> **Task description**
Print all the data below exactly, without images.

> **Data segment**
┏━━

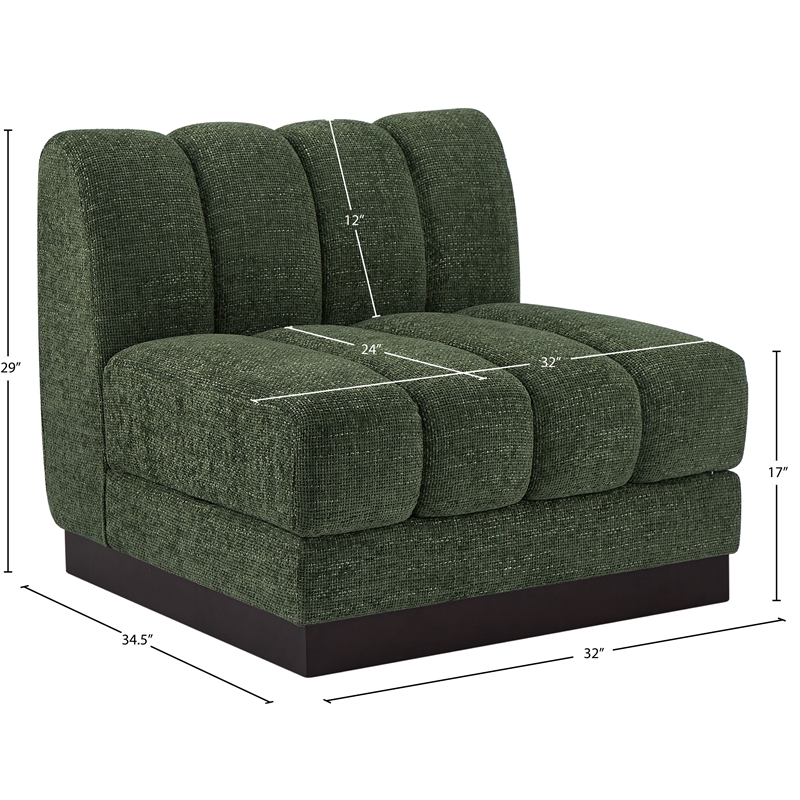Meridian Furniture Quinn Green Chenille Fabric Armless Chair
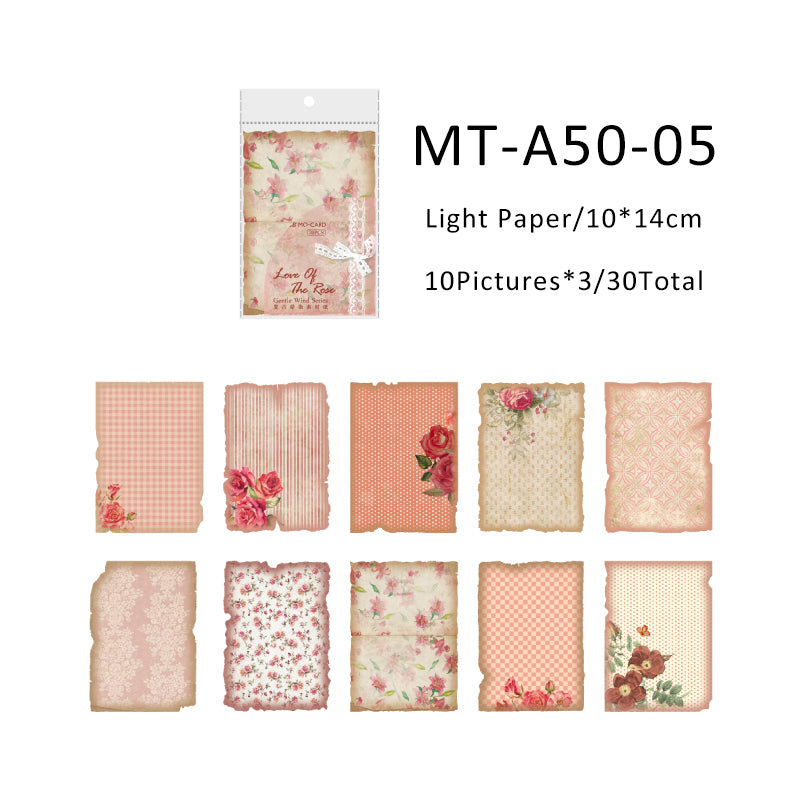 30PCS Gentle wind series material paper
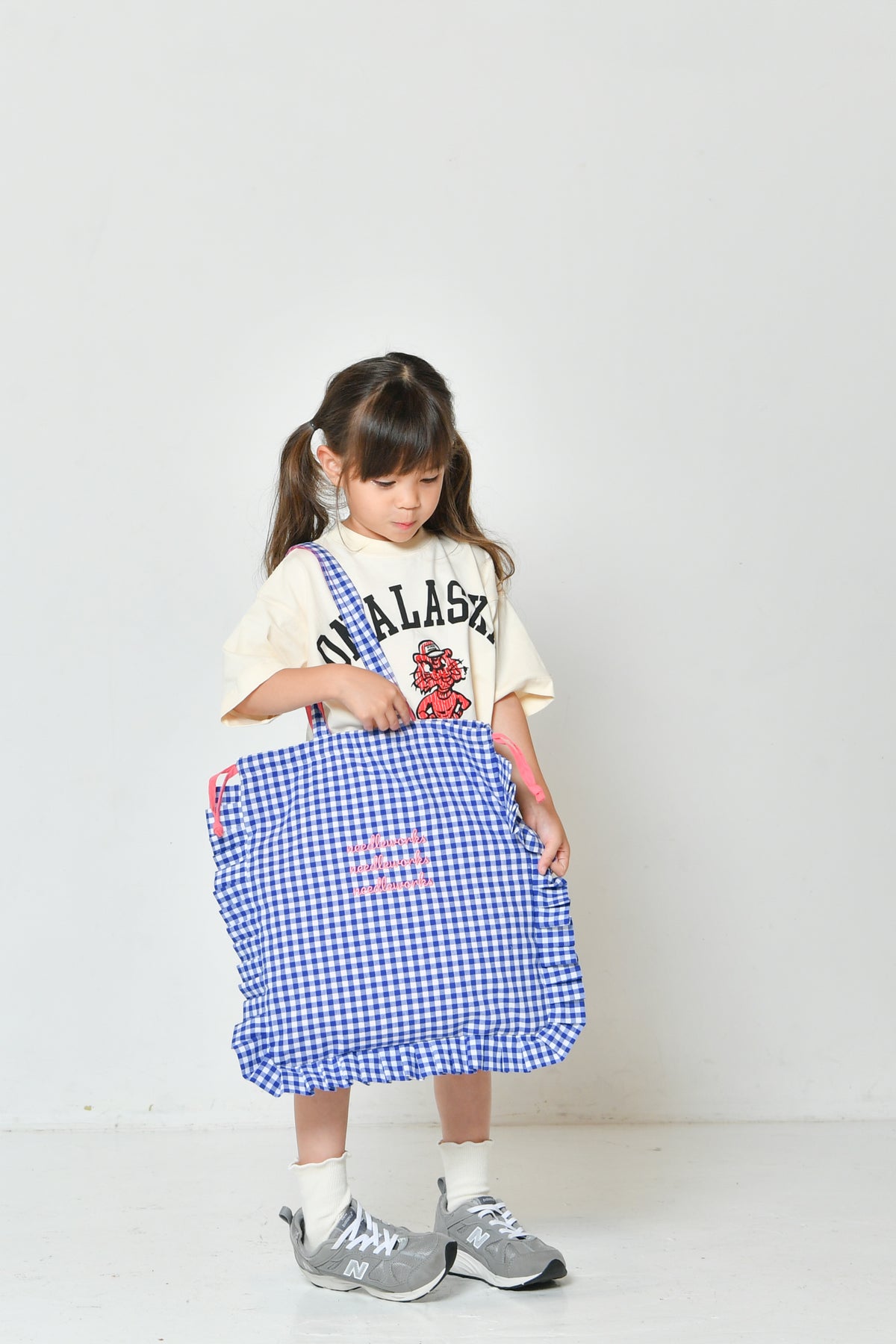 残り一点！【ニードルワークス】ブロードギンガムフリルBAG ｜FREE｜2525507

┗━━

> **Result**
Meridian Furniture Quinn Green Chenille Fabric Armless Chair
 30PCS Gentle wind series material paper
 残り一点！【ニードルワークス】ブロードギンガムフリルBAG ｜FREE｜2525507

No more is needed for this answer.